The Criminal Life of Archibaldo de la Cruz (1955) is one of the more absurd and strange film’s of Buñuel’s I’ve seen so far. It tells the story of Archibaldo, a wealthy man who fancies himself a murderer. As a child, he witnesses his governess be killed while a music box plays that was gifted to him by him Mother. We meet Archibald as a middle aged man who comes across what he believes is the music box from his childhood in a shop which ultimately triggers his murderous fantasies. The majority of the film plays out as Archibald’s confession to authorities. We follow him as he moves through his days and various social engagements where he encounters different women who he imagines killing.

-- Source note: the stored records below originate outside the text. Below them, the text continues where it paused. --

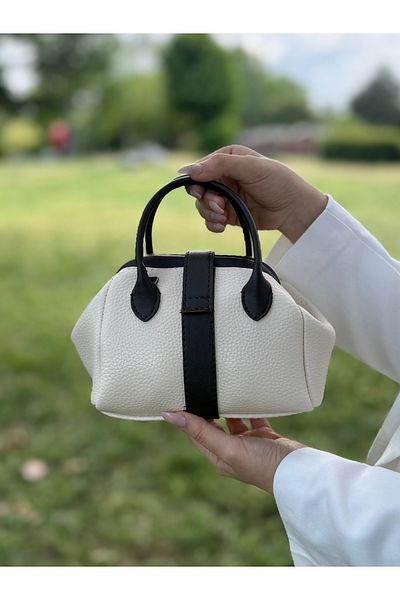 DEV 3 ADAM Nçs Cream Brown Mini Women's Hand and Shoulder Bag - Minimal of Elegance (En:18~Boy:13)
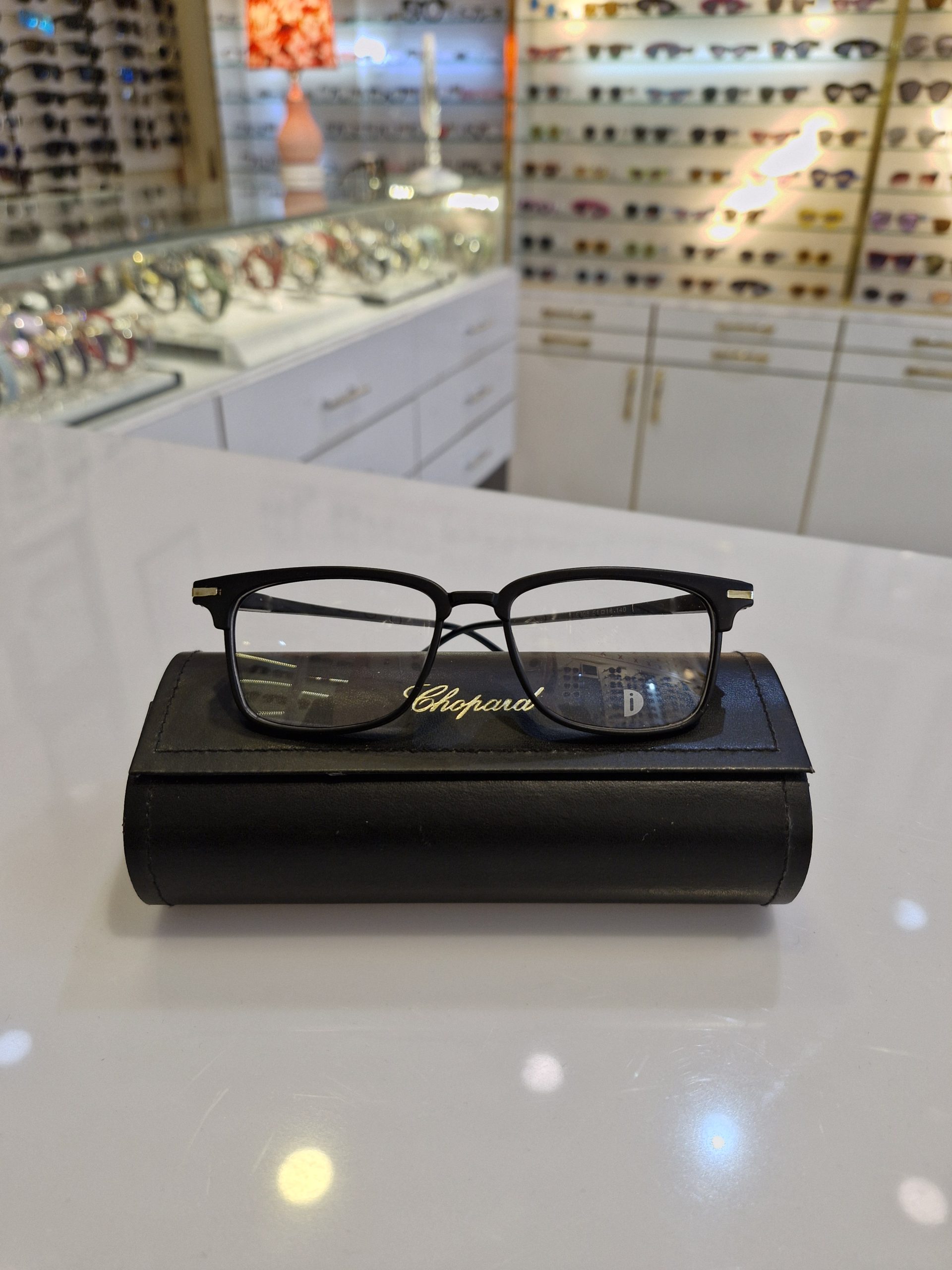 فریم طبی دسته فنر لولا فلز مشکی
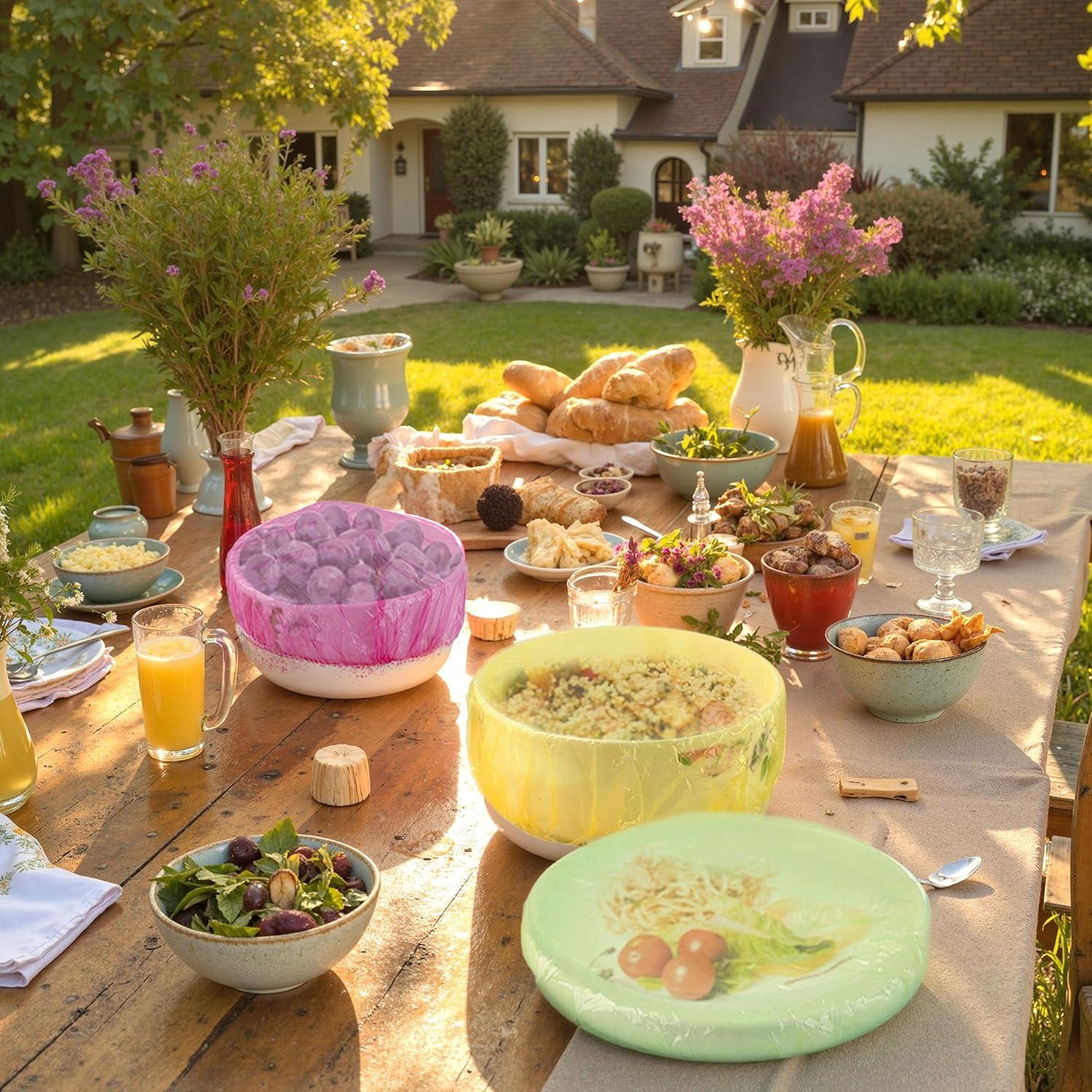 Cubiertas de Tazón Reutilizables HANSGO 120 Piezas 3 Tamaños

The film mixes dark humor and surreal moments. The music box itself is portrayed as magical in an absurd way in that it is clearly a traumatic trigger for Archibald. The story often blurs the line between what is real and what is only in his mind like in the mannequin scenes. We see his fantasies as if they were real events not always clear on where the fantasy ends and reality begins. Each time he plans a murder, fate steps in and stops it – two of the women die by other means immediately after Archibald’s failed attempt, another target slips from his grasp – making his “criminal life” more like a series of unlucky coincidences.

Buñuel uses this strange story to poke fun at religion, guilt and upper-class manners which we see with Archibaldo’s determination to confess crimes he hasn’t committed and his fantasy of Carlota in her wedding dress praying before he attempts to kill her but the most glaring example being Archibaldo himself – the perfect gentlemen, wealthy, handsome, well-mannered, impeccably dressed – yet he spends the entire film fantasizing about killing women. Buñuel plays this contradiction for irony where the most dangerous of impulses hides behind civility. Archibaldo’s obsession with appearances and etiquette mirrors the upper classes obsession with control and decorum. The people around him seen just as trapped in their own illusions even if not as dark as his own. Overall the film feels light and playful on the surface where but underneath it shows how fantasy and desire shapes people’s lives.